In [1]:
# Para que o Jupyter consiga carregar o Spark corretamente no notebook
import findspark
findspark.init('/usr/local/Cellar/apache-spark/2.4.1/libexec')  # Caminho default da instalação no MAC OS

In [2]:
# Para que os executors tenham mais memória e não falhem por falta de recursos
import os
os.environ['PYSPARK_SUBMIT_ARGS'] = '--executor-memory 1G pyspark-shell'

# A partir daqui é código Spark que normalmente é executado com um comando similar ao comando abaixo:
# spark-submit --executor-memory 1G nome_do_script.py
from pyspark import SparkConf, SparkContext

conf = SparkConf()
sc = SparkContext(conf=conf)

### Understanding SparkContext
* SparkContext is an entry point into the world of Spark
* An entry point is a way of connecting to Spark cluster
* An entry point is like a key to the house
* PySpark has a default SparkContext called sc

In [3]:
# Version: To retrieve SparkContext version
sc.version

'2.4.1'

In [4]:
# Python Version: To retrieve Python version of SparkContext
sc.pythonVer

'3.7'

In [5]:
# Master: URL of the cluster or “local” string to run in local mode of SparkContext
sc.master

'local[*]'

### Carregando dados no PySpark

Download do arquivo para local.

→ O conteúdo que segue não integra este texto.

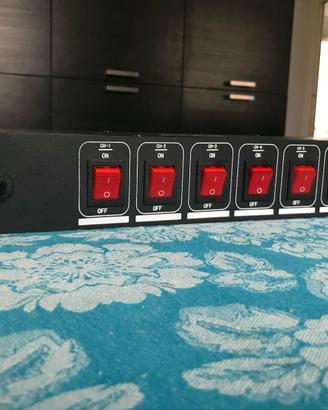 Multi-presa elettrica 8 ingressi Ibiza ( Rack )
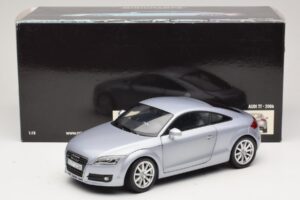 Audi TT 8N Silverblue Metallic Minichamps 1:18 100015020 Metall — bild 8 av 8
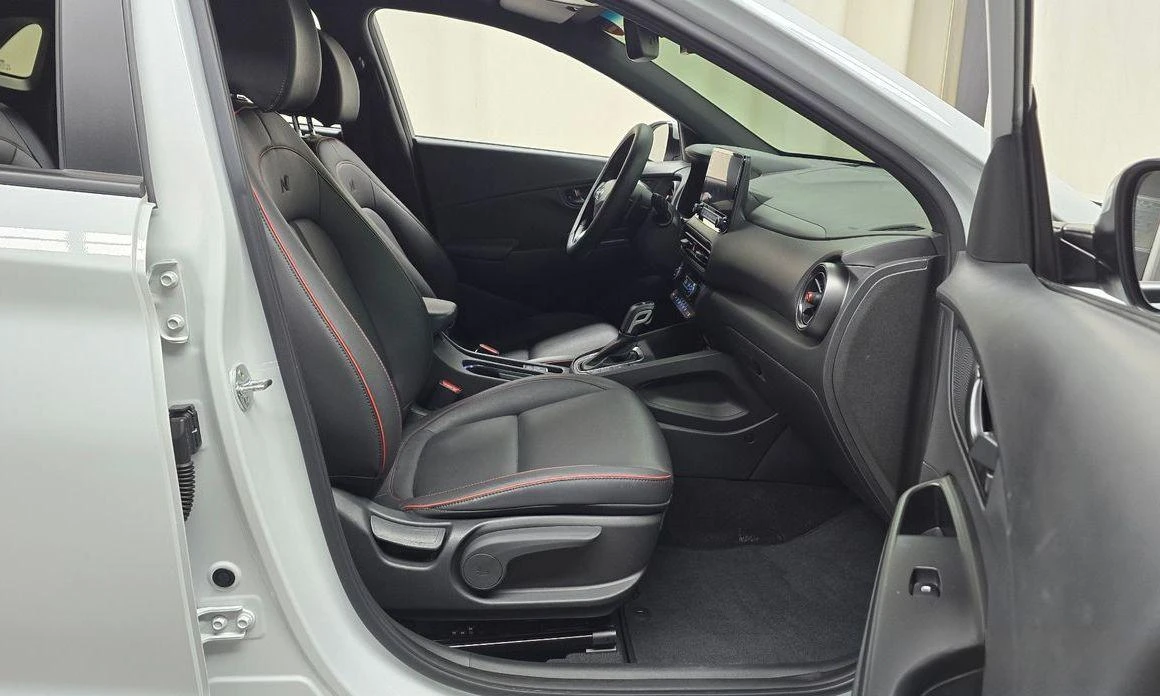 Hyundai Kona Gasoline 1.6 Turbo 2WD N Line Modern - изображение 10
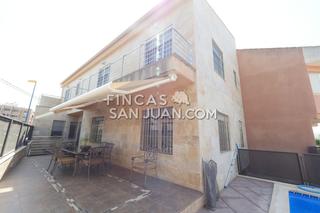 Chalet à Orihuela Ciudad. Chalet en venta en centro, 4 dormitorios.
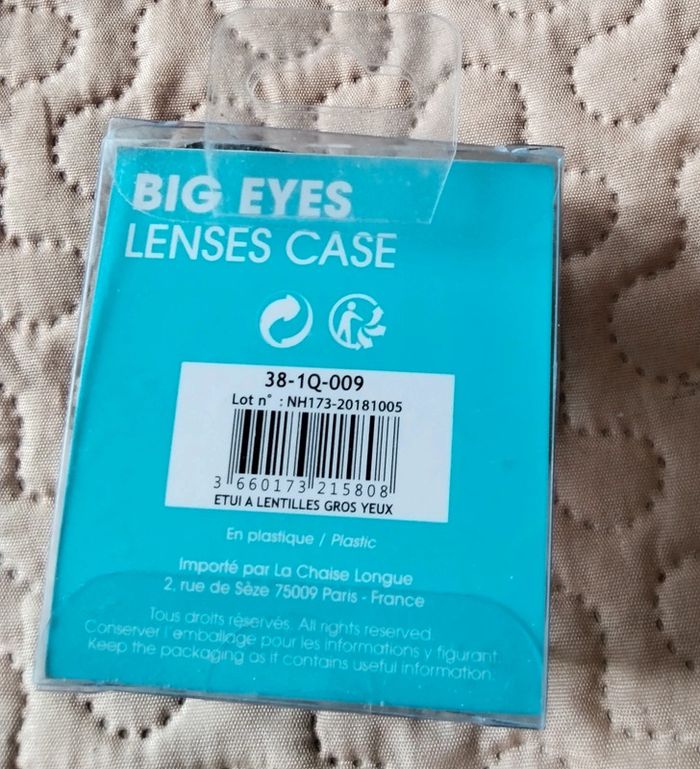 Etui a lentilles de vue. Humoristique. - photo numéro 2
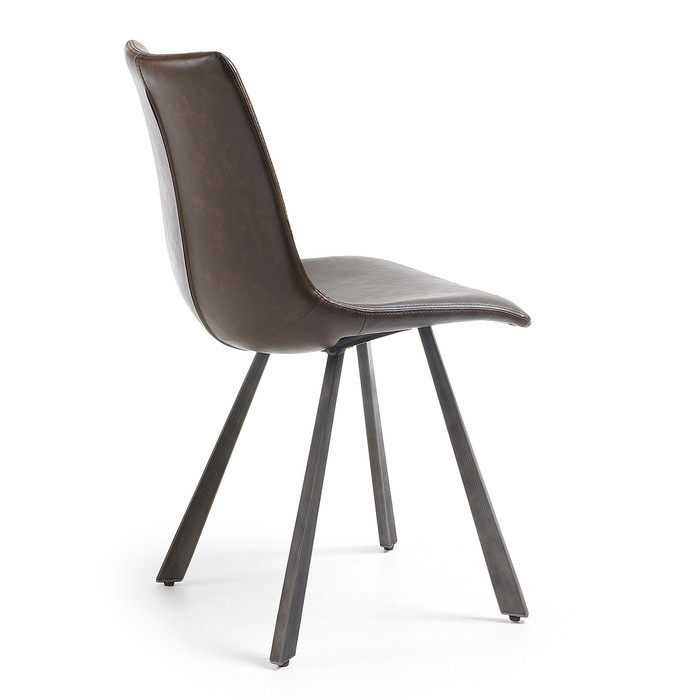 chaise en métal aspect cuir martha coloris taupe 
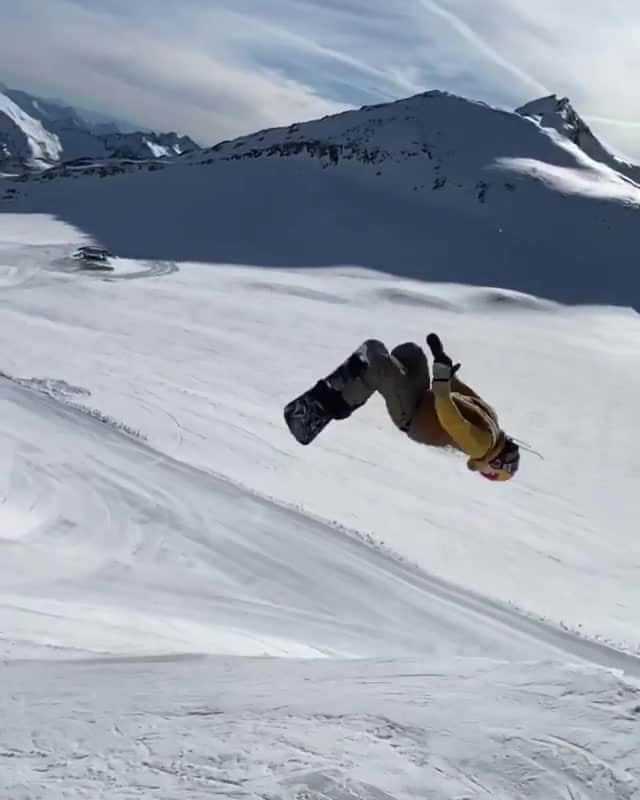 ボルコムのインスタグラム：「That feeling when you got everything you wanted for the holidays! 😳  @marcuskleveland 🙃 🔃  📹  @nummedal」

Assim não precisaremos setar as credenciais do S3.

In [None]:
# Listar os arquivos contidos no bucket
from s3fs import S3FileSystem
s3 = S3FileSystem(anon=True)

details = s3.ls('cesarschool-data-samples/')
print(details)

In [23]:
#!wget --no-check-certificate --no-proxy 'https://s3.us-east-2.amazonaws.com/cesarschool-data-samples/ml-100k/u.data'
#!wget --no-check-certificate --no-proxy 'https://s3.us-east-2.amazonaws.com/cesarschool-data-samples/ml-100k/u.item'
!wget --no-check-certificate --no-proxy 'https://s3.us-east-2.amazonaws.com/cesarschool-data-samples/Shakespeare.txt'


--2019-05-18 06:52:36--  https://s3.us-east-2.amazonaws.com/cesarschool-data-samples/Shakespeare.txt
Resolvendo s3.us-east-2.amazonaws.com (s3.us-east-2.amazonaws.com)... 52.219.96.122
Conectando-se a s3.us-east-2.amazonaws.com (s3.us-east-2.amazonaws.com)|52.219.96.122|:443... conectado.
A requisic~ao HTTP foi enviada, aguardando resposta... 200 OK
Tamanho: 5784591 (5.5M) [text/plain]
Salvando em: "Shakespeare.txt"


2019-05-18 06:52:38 (3.32 MB/s) - "Shakespeare.txt" salvo [5784591/5784591]



In [20]:
ratings = sc.textFile("u.data")
movies = sc.textFile("u.item")

In [21]:
ratings.take(5)

['196\t242\t3\t881250949',
 '186\t302\t3\t891717742',
 '22\t377\t1\t878887116',
 '244\t51\t2\t880606923',
 '166\t346\t1\t886397596']

In [7]:
# SparkContext's parallelize() method
rdd = sc.parallelize([1,2,3,4,5])
helloRDD = sc.parallelize("Hello world")

print(type(helloRDD))

<class 'pyspark.rdd.RDD'>


In [24]:
# SparkContext's textFile() method
rdd2 = sc.textFile("Shakespeare.txt", minPartitions = 6)
print(type(rdd2))
print(rdd2.getNumPartitions())

<class 'pyspark.rdd.RDD'>
6


### Operações

In [16]:
# map()
RDD = sc.parallelize([1,2,3,4])
RDD_map = RDD.map(lambda x: x * x)
RDD_map.collect()

[1, 4, 9, 16]

In [34]:
#Ex: Contagem por valor

import collections

rating_values = ratings.map(lambda x: x.split()[2])
result = rating_values.countByValue()

sortedResults = collections.OrderedDict(sorted(result.items()))
for rating, number_of_ratings in sortedResults.items():
    print("{} usuários colocaram a nota {}".format(number_of_ratings, rating))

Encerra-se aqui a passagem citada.